Joscelyn: What! are you not ashamed to offer us a broken gift? Your story is like a cracked pitcher with half the milk leaked out. What was the secret of the Lantern, the Cloak, and the Cherry-tree?
Joyce: Who was the lovely lady, his mother? and who the old crone?
Jennifer: What was the end of the Rough Master of Coates?
Jessica: Did not the lovers drown in the floods?
Jane: And if they did not, what became of them?
"Please," said little Joan, "tell us why Young Gerard dreamed those dreams. Oh, please tell us what happened."
"Women's taste is for trifles," said Martin. "I have offered you my cake, and you wish only to pick off the nuts and the cherries."
"No," said Joan, "we wish you to put them on. Do you not love nuts and cherries on a cake?"

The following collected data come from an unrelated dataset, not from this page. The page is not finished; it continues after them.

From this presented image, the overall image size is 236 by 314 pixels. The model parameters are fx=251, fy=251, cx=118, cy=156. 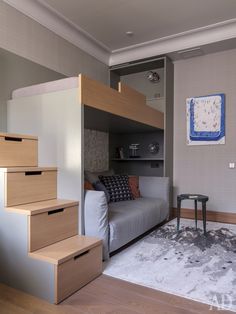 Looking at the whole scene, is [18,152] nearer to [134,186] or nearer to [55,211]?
[55,211]

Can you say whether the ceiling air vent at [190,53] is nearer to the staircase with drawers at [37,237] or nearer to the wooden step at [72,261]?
the staircase with drawers at [37,237]

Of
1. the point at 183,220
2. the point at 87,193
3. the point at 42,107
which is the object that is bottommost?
the point at 183,220

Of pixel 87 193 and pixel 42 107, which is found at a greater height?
pixel 42 107

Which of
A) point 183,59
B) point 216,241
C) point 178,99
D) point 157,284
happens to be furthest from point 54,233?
point 183,59

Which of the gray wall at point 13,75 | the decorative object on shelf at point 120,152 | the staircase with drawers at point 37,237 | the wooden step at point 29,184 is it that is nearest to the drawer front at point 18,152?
the staircase with drawers at point 37,237

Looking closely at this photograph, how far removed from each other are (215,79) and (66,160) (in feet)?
9.54

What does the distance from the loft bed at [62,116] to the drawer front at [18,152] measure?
17cm

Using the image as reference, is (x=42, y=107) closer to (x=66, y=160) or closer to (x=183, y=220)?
→ (x=66, y=160)

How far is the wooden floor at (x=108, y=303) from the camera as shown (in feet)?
5.08

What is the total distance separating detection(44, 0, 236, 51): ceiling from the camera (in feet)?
9.98

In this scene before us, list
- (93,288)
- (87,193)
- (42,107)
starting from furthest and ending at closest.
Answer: (42,107)
(87,193)
(93,288)

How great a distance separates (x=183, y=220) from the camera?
391 centimetres

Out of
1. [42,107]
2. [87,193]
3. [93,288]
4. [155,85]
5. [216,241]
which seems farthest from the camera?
[155,85]

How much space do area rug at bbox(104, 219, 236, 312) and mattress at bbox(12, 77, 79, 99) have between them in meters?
1.65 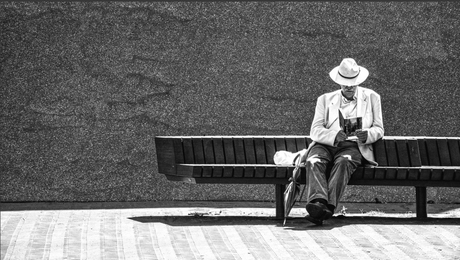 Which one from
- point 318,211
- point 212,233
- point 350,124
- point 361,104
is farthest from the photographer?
point 361,104

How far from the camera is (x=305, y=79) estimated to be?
1146cm

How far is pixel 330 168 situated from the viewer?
31.0 ft

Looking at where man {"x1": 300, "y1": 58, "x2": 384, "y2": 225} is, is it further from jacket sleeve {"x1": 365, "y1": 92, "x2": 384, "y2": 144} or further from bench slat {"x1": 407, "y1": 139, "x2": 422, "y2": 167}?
bench slat {"x1": 407, "y1": 139, "x2": 422, "y2": 167}

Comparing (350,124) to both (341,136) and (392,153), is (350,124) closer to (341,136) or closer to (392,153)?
(341,136)

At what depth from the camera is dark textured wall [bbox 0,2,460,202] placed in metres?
11.2

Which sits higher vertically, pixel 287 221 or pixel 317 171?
pixel 317 171

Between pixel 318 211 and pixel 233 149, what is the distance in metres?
1.46

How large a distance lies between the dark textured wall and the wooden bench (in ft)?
4.28

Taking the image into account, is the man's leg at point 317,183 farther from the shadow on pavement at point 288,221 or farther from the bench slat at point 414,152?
the bench slat at point 414,152

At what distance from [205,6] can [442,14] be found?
2487 mm

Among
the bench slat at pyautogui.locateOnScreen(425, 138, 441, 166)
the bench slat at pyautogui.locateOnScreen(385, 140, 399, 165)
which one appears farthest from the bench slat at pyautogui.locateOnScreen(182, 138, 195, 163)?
the bench slat at pyautogui.locateOnScreen(425, 138, 441, 166)

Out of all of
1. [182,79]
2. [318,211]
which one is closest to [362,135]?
[318,211]

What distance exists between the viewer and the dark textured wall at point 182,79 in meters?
11.2

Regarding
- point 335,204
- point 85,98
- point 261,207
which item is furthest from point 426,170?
point 85,98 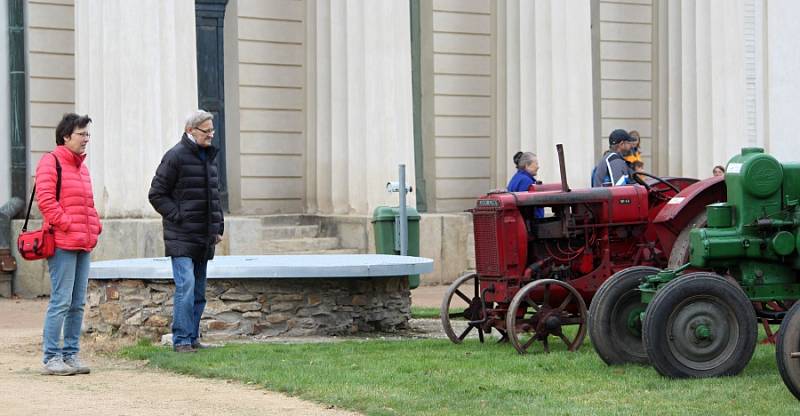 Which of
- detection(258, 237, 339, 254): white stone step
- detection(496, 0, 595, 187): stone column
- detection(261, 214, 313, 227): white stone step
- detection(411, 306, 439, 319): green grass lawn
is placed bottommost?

"More than anything," said Martin.)
A long while ago, dear maidens, there were Lords in Gay Street, and up and down the Street the cherry-trees bloomed in Spring as they bloomed nowhere else in Sussex, and under the trees sang and danced the loveliest lads and lasses in all England, with hearts like children. And on all their holiday clothes they worked the leaf and branch and flower and fruit of the cherry. And they never wore anything else but their holiday clothes, because in Gay Street it was always holidays.